Die vorliegende Rechtssache (EuGH C-299/14) gehört zu einer Reihe von Rechtsstreitigkeiten aus Deutschland, in denen der EuGH zu entscheiden hat, ob es mit dem Unionsrecht, speziell mit dem Gleichheitsgrundsatz, vereinbar ist, dass bestimmte Unionsbürger vom Bezug von Sozialleistungen, die in den nationalen Rechtsvorschriften vorgesehen sind, ausgeschlossen werden. In diesen Rechtssachen geht es um die deutschen Leistungen der Grundsicherung, von denen ausgeschlossen sind: 1) Ausländer (und ihre Familienangehörigen), wenn sich ihr Aufenthaltsrecht allein aus dem Zweck der Arbeitsuche ergibt, und 2) Ausländer (und ihre Familienangehörigen) für die ersten drei Monate ihres Aufenthalts, wenn sie keine Arbeitnehmer oder Selbständige sind und ihnen die Erwerbstätigeneigenschaft auch nicht erhalten geblieben ist. Im Urteil Dano (EuGH, Urt. v. 11.11.2014 - C-333/13 "Dano") hat der EuGH bereits entschieden, dass die Mitgliedstaaten Unionsbürger, die sich in ihr Hoheitsgebiet begeben, ohne dort Arbeit finden zu wollen, von Sozialhilfeleistungen ausschließen dürfen. In der noch anhängigen Rechtssache Alimanovic (C-67/14) wiederum geht es um Unionsbürger, die die gleichen Leistungen beantragt haben, nachdem sie sich mehr als drei Monate in Deutschland aufgehalten und dort weniger als ein Jahr gearbeitet hatten. In seinen Schlussanträgen in dieser Rechtssache hat der Generalanwalt unlängst vorgeschlagen, zu entscheiden, dass in einem solchen Fall Sozialhilfeleistungen nicht automatisch ohne individuelle Prüfung verweigert werden dürfen.
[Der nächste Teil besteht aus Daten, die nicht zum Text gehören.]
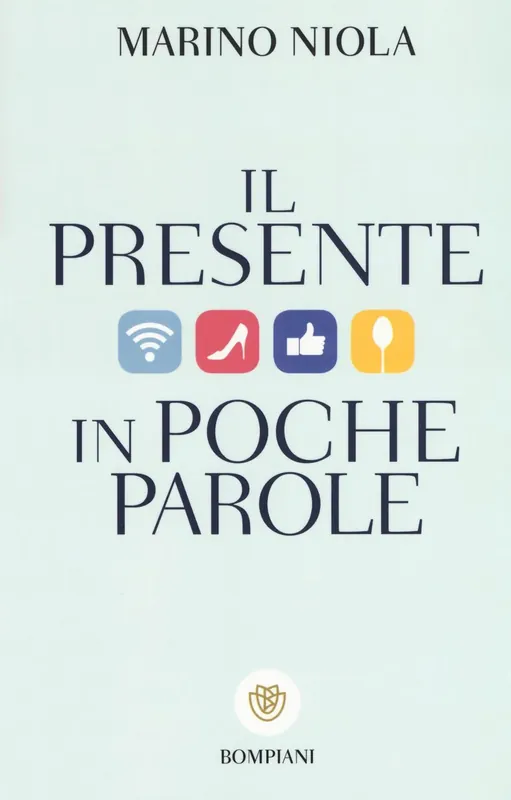 Il presente in poche parole Subito Disponibile
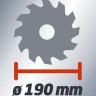 Дисковая пила Einhell TC-CS 1400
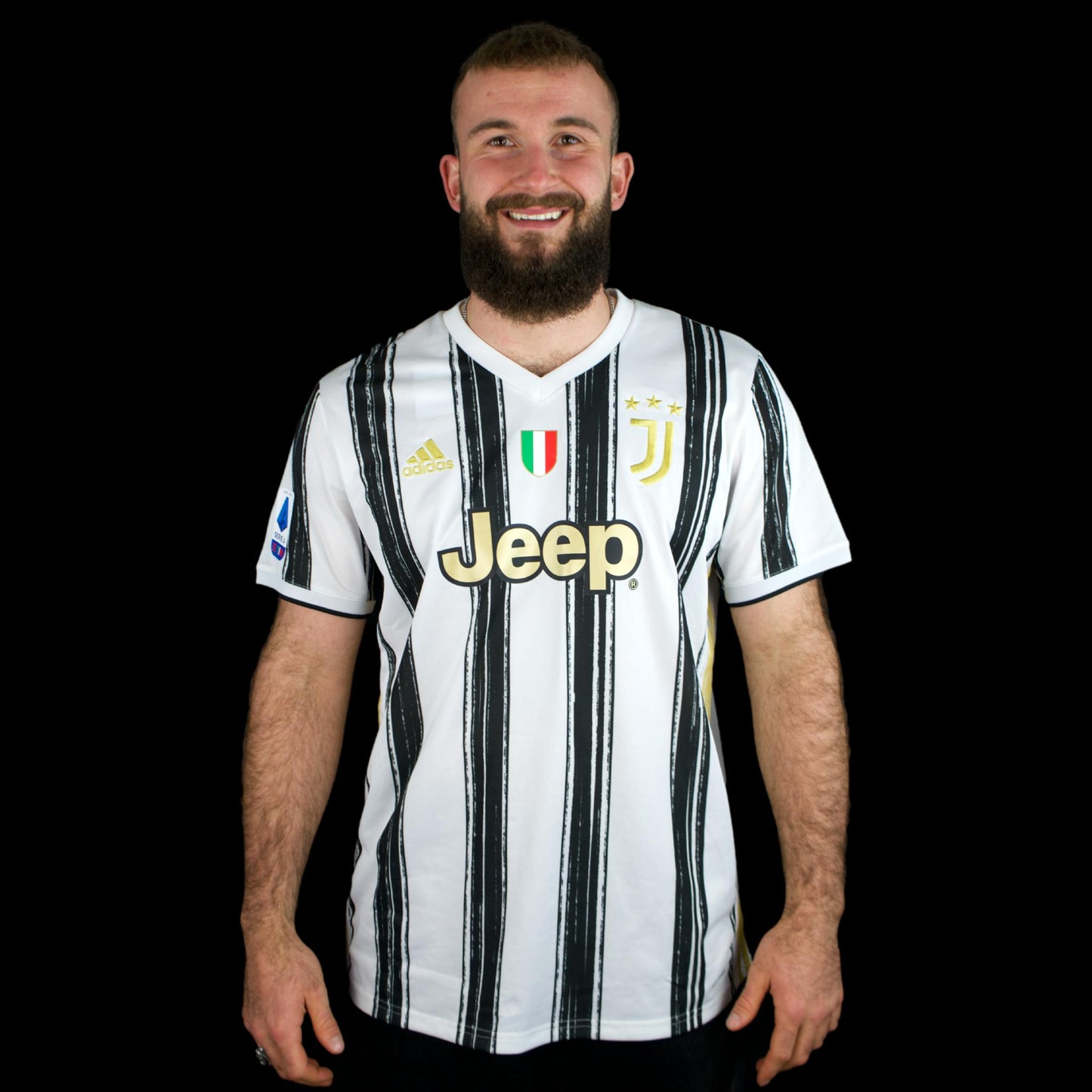 Juventus Turin - 2020-21 - Heim - XL - adidas - Bentancur #30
In der vorliegenden Rechtssache geht es um einen Unionsbürger, der während der ersten drei Monate seines Aufenthalts in Deutschland kein Arbeitnehmer oder Selbständiger ist (und dem die Erwerbstätigeneigenschaft auch nicht erhalten geblieben ist) und der daher für diesen Zeitraum von den deutschen Grundsicherungsleistungen ausgeschlossen ist. Herr P. und sein Sohn besitzen die spanische Staatsangehörigkeit; sie sind Ende Juni 2012 nach Deutschland eingereist, wohin sie Frau G. und ihrer Tochter nachgezogen sind. Frau G. und ihre Tochter, die spanische Staatsangehörige sind, sind im April 2012 nach Deutschland eingereist. In den ersten Monaten wohnte die Familie bei der Mutter von Frau G. und bestritt ihren Lebensunterhalt aus dem Einkommen von Frau G., die ab Juni 2012 eine Arbeit hatte. Die Kinder besuchten ab Ende August 2012 die Schule in Deutschland. Später übte Herr P. ebenfalls zeitweise Beschäftigungen aus oder bezog Arbeitslosengeld, teilweise auf der Grundlage von in Spanien zurückgelegten Versicherungszeiten. Herrn P. und seinem Sohn wurden die deutschen Grundsicherungsleistungen für die Monate August und September 2012 mit der Begründung verweigert, dass sie sich weniger als drei Monate in Deutschland aufgehalten hätten. Das LSG Essen fragte an, ob dieser Ausschluss mit dem Unionsrecht vereinbar ist.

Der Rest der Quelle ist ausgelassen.